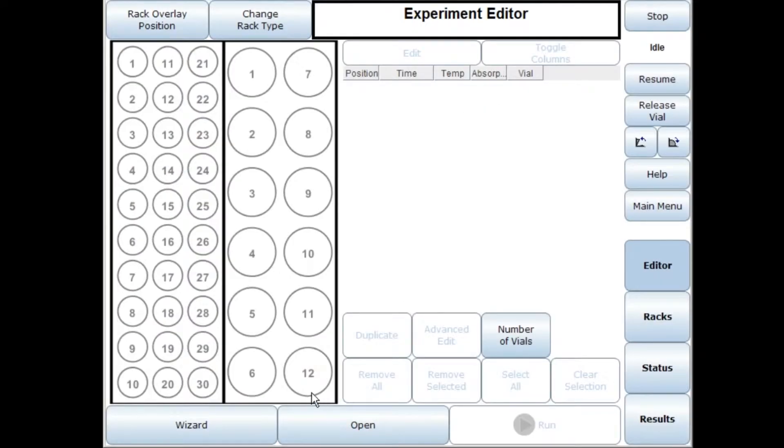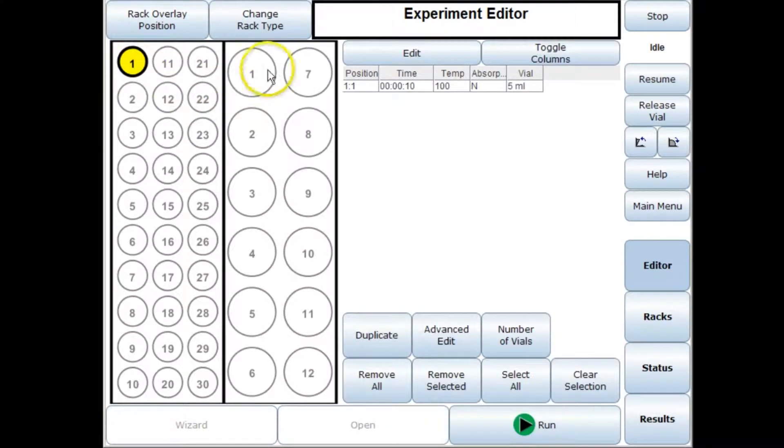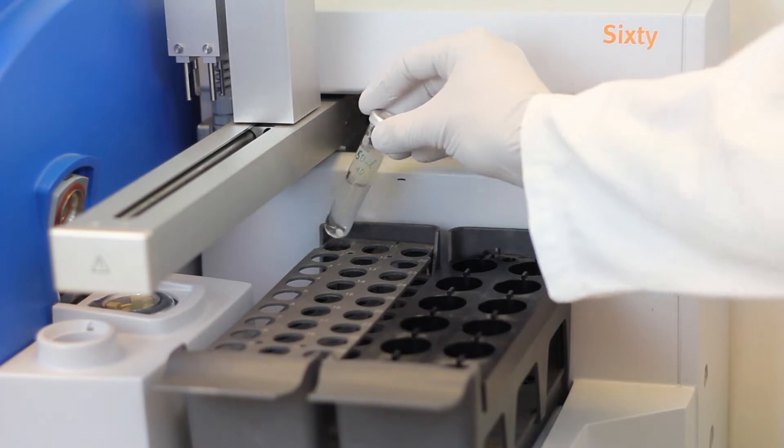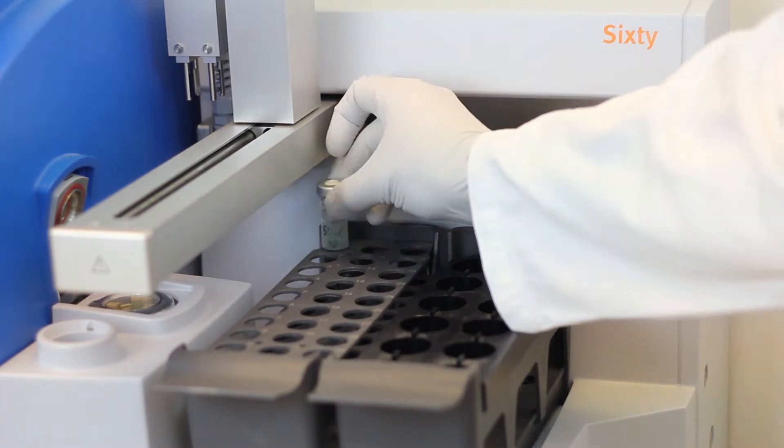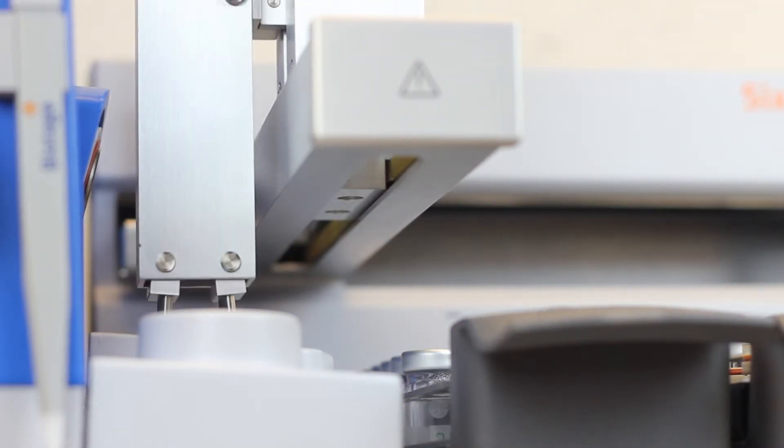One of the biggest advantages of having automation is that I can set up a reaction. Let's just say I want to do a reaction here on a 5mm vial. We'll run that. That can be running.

★ ★ ★ ★ ★

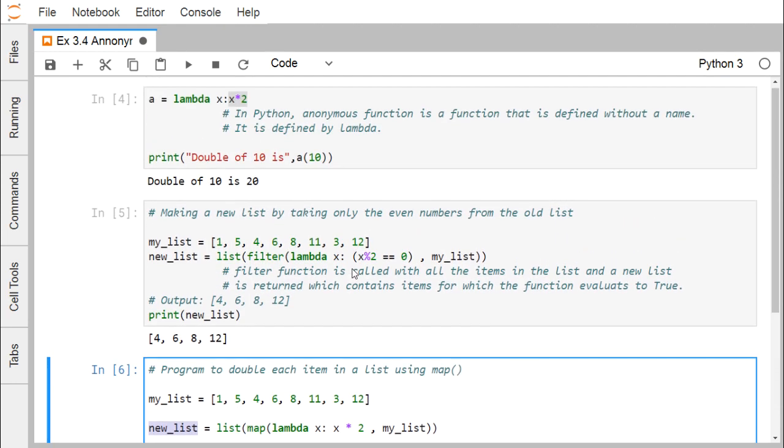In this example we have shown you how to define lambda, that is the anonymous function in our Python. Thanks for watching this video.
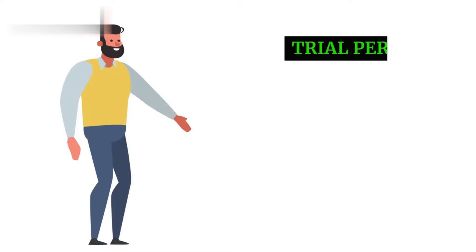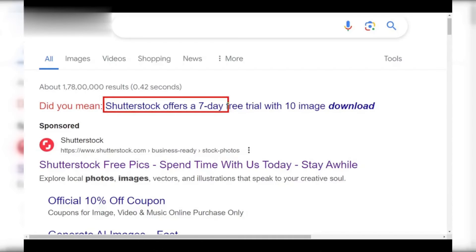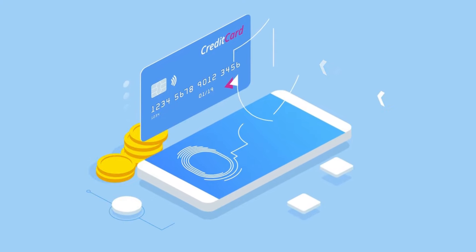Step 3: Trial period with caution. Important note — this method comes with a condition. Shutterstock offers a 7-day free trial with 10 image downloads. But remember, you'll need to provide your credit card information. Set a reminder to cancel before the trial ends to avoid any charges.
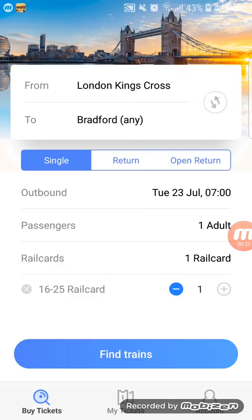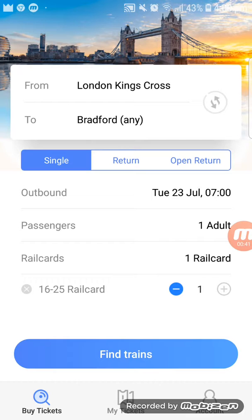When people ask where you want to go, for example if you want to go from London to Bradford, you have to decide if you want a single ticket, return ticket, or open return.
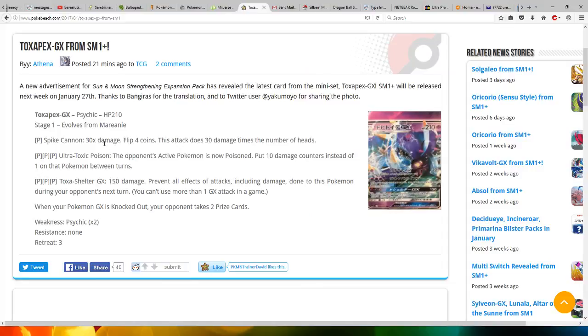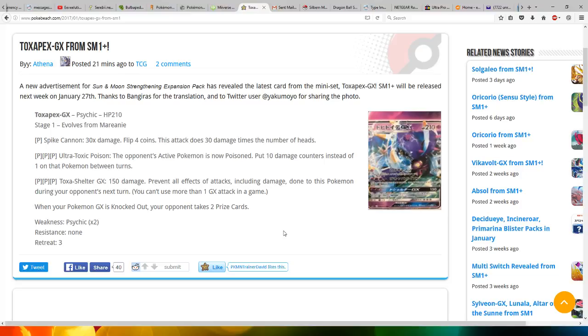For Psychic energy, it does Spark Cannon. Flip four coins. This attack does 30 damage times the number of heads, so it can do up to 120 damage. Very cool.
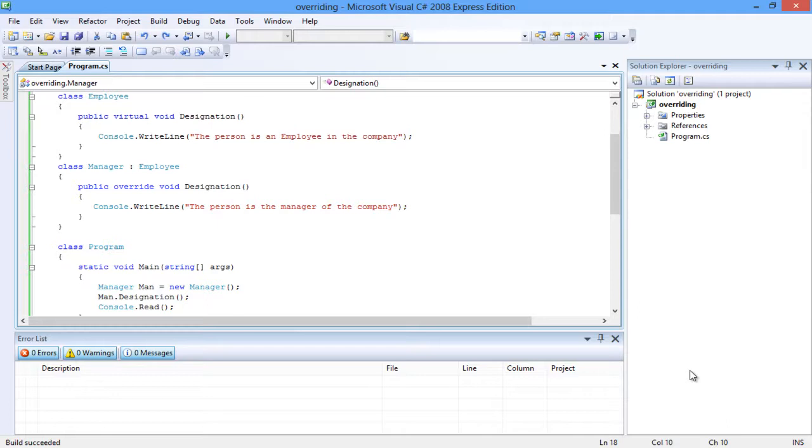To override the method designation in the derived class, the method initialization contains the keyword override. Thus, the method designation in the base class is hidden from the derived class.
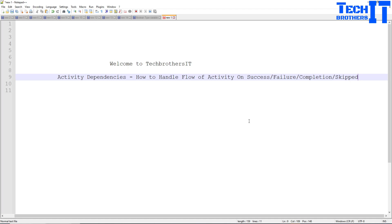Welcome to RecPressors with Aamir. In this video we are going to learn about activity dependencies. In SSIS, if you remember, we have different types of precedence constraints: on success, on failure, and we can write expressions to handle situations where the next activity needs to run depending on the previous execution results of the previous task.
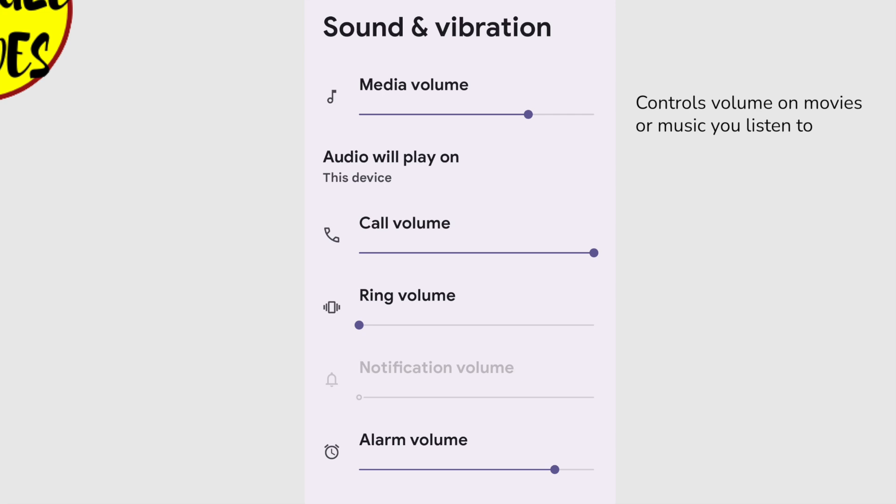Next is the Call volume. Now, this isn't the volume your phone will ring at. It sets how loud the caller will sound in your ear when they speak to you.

★ ★ ★ ★ ★

* _WHAT YOU WILL DO_
Only one part of the listing is wanted: the lines from the one containing "For Psychic energy, it" through the one containing "To override the", both included. Please transcribe it exactly, leaving out the pictures.

* _RESPONSE TO THIS TASK_
For Psychic energy, it does Spark Cannon. Flip four coins. This attack does 30 damage times the number of heads, so it can do up to 120 damage. Very cool.
To override the method designation in the derived class, the method initialization contains the keyword override. Thus, the method designation in the base class is hidden from the derived class.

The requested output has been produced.